The flowers are just so pretty. There also seems to be more interesting plant life by the river than anywhere else in the city. As you can see by the orangish-red exotic-flower looking thing above. I've asked what some of the names of these plants are but I can never catch the answer.

Friday, April 3, 2009


I've been feeling a bit under the weather. My head hurts. My throat feels like a few ninjas are down in there. Or perhaps a mini-forest is growing in my throat. I've been attempting to think of some good metaphors; it's harder than one might imagine. I probably caught some sort of infection from the kids at the primary school.

Anyway, my point is not to impress you with my fine metaphorical skills. It is to comment on a different health care system than the one I am used to. I stopped by the farmacia (pharmacy) and picked up some antibiotics. I like how you don't need a prescription to get most types of medicine in Uruguay. If I were in the States, I would have done nothing until I felt like I was really truly dying, because one, it's such a hassle to get an appointment at a doctor's office to go in there and wait all day long, and two, it would have cost me hefty co-pay to go to the doctor for a prescription I already knew I needed. The burden of care falls more heavily on the pharmacist here. Hopefully they are well-trained.

The medicine was also A LOT cheaper (about 70% cheaper) than than it would have been in the USA. Health care might not be as competitive (and there may be an increase of various risks with deregulated pharmacies), but I do think they know a thing or two about making health services more efficient and affordable for the public.

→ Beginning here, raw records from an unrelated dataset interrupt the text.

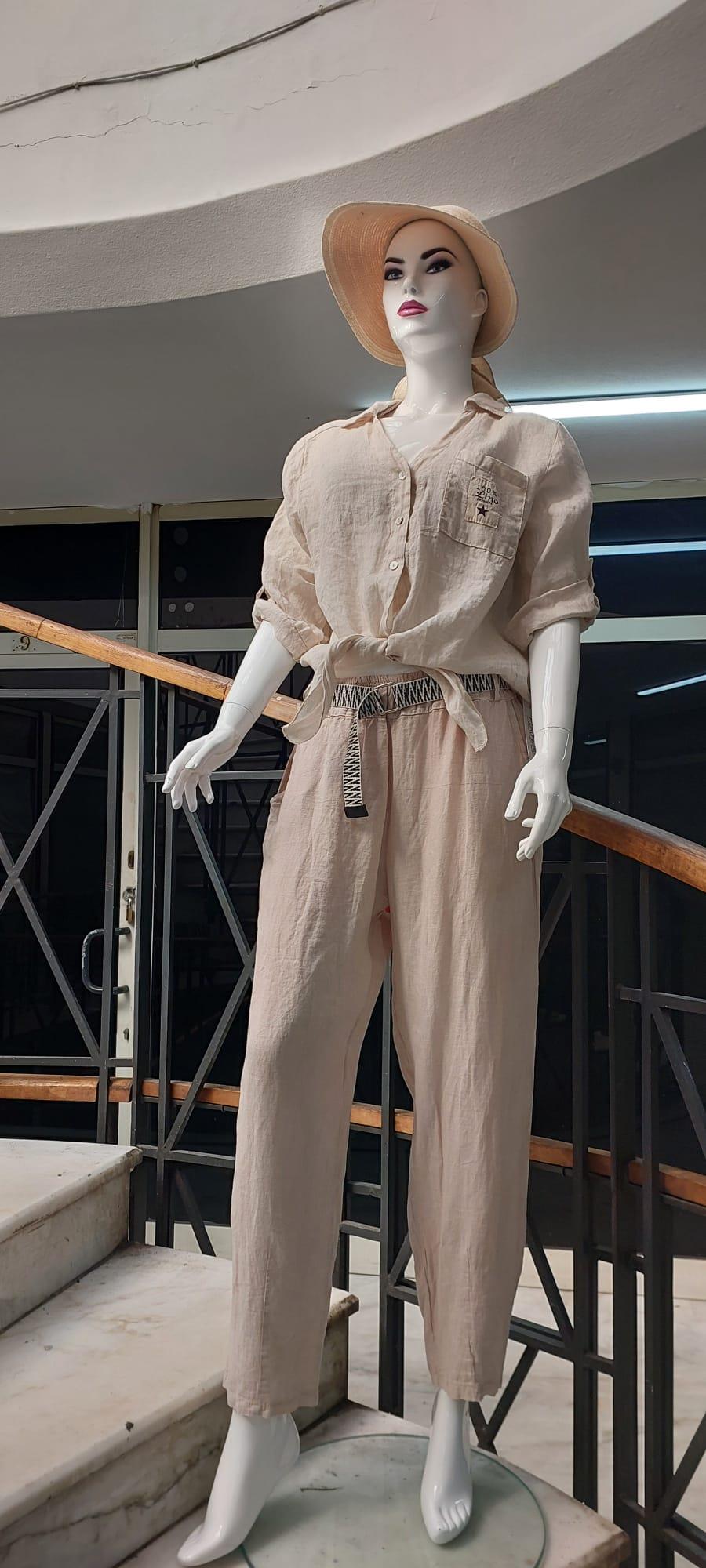 İtalyan Kemerli Keten Pantolon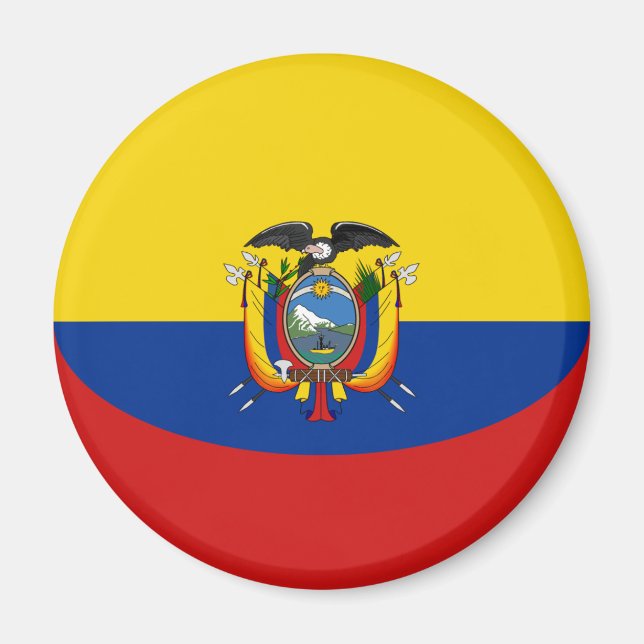 Íman Equador: Fisheye Flag Magnet (Frente)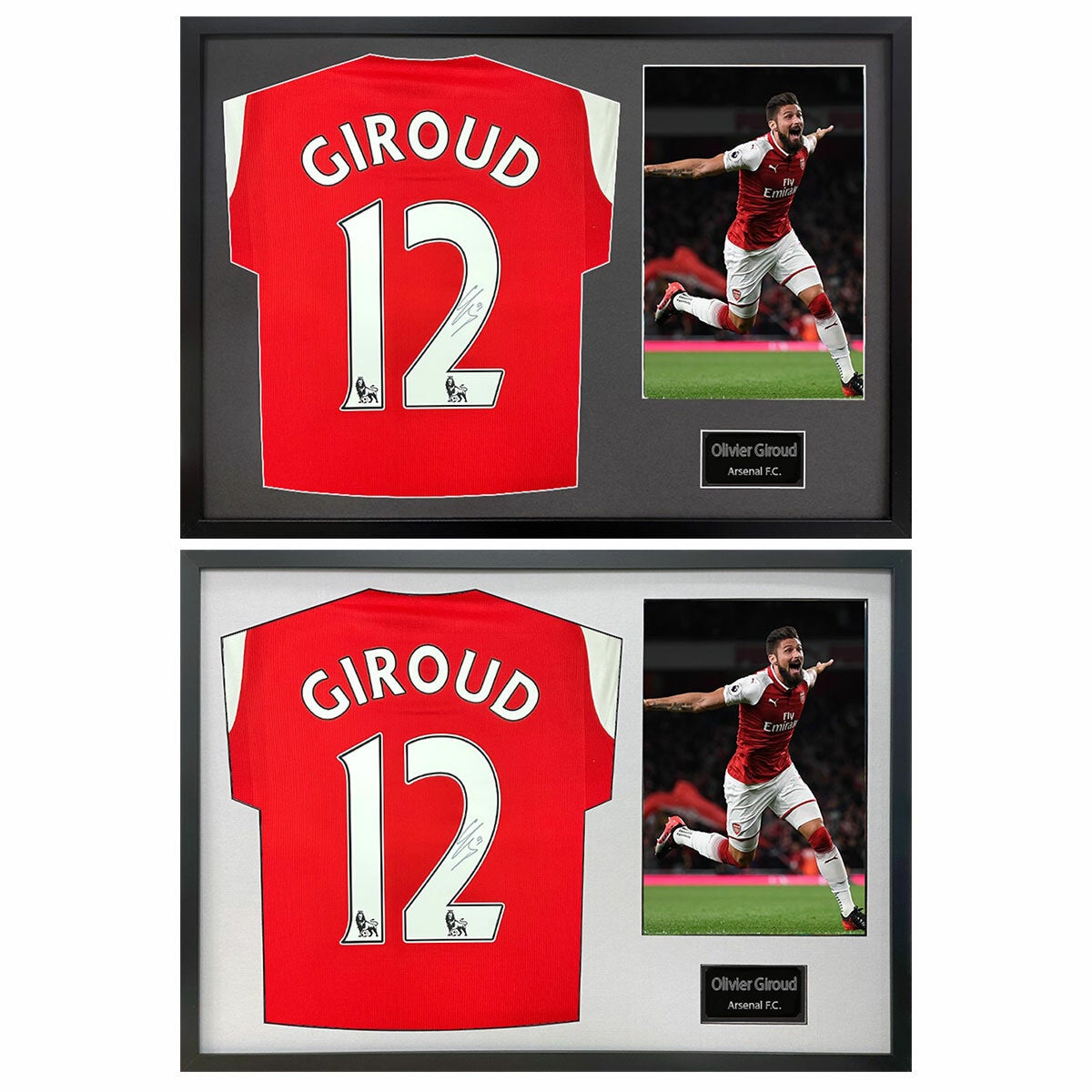 Olivier Giroud Signed Framed Arsenal Football Shirt including 1 Photo in 2 Options: White or Black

Now to see if this antibiotic was actually what I needed... I really can't afford to get sick this week.

Wednesday, April 1, 2009

Pesky Mosquitos

Argh. My legs are itchy. And arms. And wrists. And feet. And neck. And ankles.

I have a million mosquitos bites all over my body. It looks like I have some sort of pox. Every morning I check to see what kind of damage the mosquitos gave me the night before. I conservatively counted 19 bites on my left leg.

I probably should've closed my window, but it was too hot to do so. I probably should've stayed under the covers at night, but it was too hot to do so. Fortunately, it seems to be cooling off.

I could really do without the mosquitos.